We also are not permitted to overlook the fact that, for some
reason, the people of Illinois, when they revised their
Constitution in 1870, saw fit to make it the duty of the general
assembly to pass laws "for the protection of producers, shippers,
and receivers of grain and produce," art. 13, sect. 7; and by sect.
5 of the same article, to require all railroad companies receiving
and transporting grain in bulk or otherwise to deliver the same at
any elevator to which it might be consigned, that could be reached
by any track that was or could be used by such company, and that
all railroad companies should permit connections to be made with
their tracks, so that any public warehouse, &c., might be
reached by the cars on their railroads. This indicates very clearly
that, during the twenty years in which this peculiar business had
been assuming its present "immense proportions," something had
occurred which led the whole body of the people to suppose that
remedies such as are usually employed to prevent abuses by virtual
monopolies might not be inappropriate here. For our purposes, we
must assume that, if a state of facts could exist that would
justify such legislation, it actually did exist when the statute
now under consideration was passed. For us, the question is one of
power, not of expediency. If no state of circumstances could exist
to justify such a statute, then we may declare this one void
because is excess of the legislative power of the State.
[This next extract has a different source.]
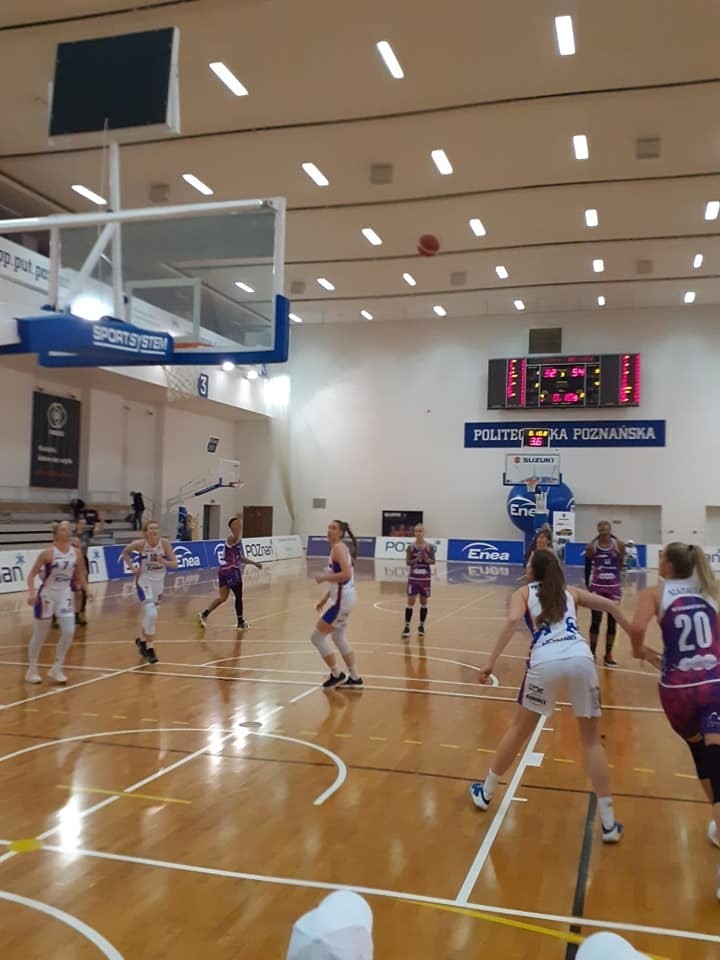 KS Basket 25 Bydgoszcz nie zwalnia tempa. Piąta wygrana z rzędu! [zdjęcia]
But if it
could, we must presume it did. Of the propriety of legislative
Page 94 U. S. 133
interference within the scope of legislative power the
legislature is the exclusive judge.
Neither is it a matter of any moment that no precedent can be
found for a statute precisely like this. It is conceded that the
business is one of recent origin, that its growth has been rapid,
and that it is already of great importance. And it must also be
conceded that it is a business in which the whole public has a
direct and positive interest. It presents, therefore, a case for
the application of a long-known and well established principle in
social science, and this statute simply extends the law so as to
meet this new development of commercial progress. There is no
attempt to compel these owners to grant the public an interest in
their property, but to declare their obligations, if they use it in
this particular manner.
It matters not in this case that these plaintiffs in error had
built their warehouses and established their business before the
regulations complained of were adopted. What they did was from the
beginning subject to the power of the body politic to require them
to conform to such regulations as might be established by the
proper authorities for the common good. They entered upon their
business and provided themselves with the means to carry it on
subject to this condition. If they did not wish to submit
themselves to such interference, they should not have clothed the
public with an interest in their concerns. The same principle
applies to them that does to the proprietor of a hackney-carriage,
and as to him it has never been supposed that he was exempt from
regulating statutes or ordinances because he had purchased his
horses and carriage and established his business before the statute
or the ordinance was adopted.
It is insisted, however, that the owner of property is entitled
to a reasonable compensation for its use, even though it be clothed
with a public interest, and that what is reasonable is a judicial,
and not a legislative, question.
As has already been shown, the practice has been otherwise. In
countries where the common law prevails, it has been customary from
time immemorial for the legislature to declare what shall be a
reasonable compensation under such circumstances, or, perhaps more
properly speaking, to fix a maximum beyond which any charge made
would be unreasonable.
Page 94 U. S. 134
Undoubtedly, in mere private contracts relating to matters in
which the public has no interest, what is reasonable must be
ascertained judicially. But this is because the legislature has no
control over such a contract. So, too, in matters which do affect
the public interest, and as to which legislative control may be
exercised, if there are no statutory regulations upon the subject,
the courts must determine what is reasonable. The controlling fact
is the power to regulate at all. If that exists, the right to
establish the maximum of charge, as one of the means of regulation,
is implied. In fact, the common law rule, which requires the charge
to be reasonable, is itself a regulation as to price. Without it,
the owner could make his rates at will, and compel the public to
yield to his terms or forego the use.
But a mere common law regulation of trade or business may be
changed by statute. A person has no property, no vested interest,
in any rule of the common law. That is only one of the forms of
municipal law, and is no more sacred than any other. Rights of
property which have been created by the common law cannot be taken
away without due process; but the law itself, as a rule of conduct,
may be changed at the will, or even at the whim, of the
legislature, unless prevented by constitutional limitations.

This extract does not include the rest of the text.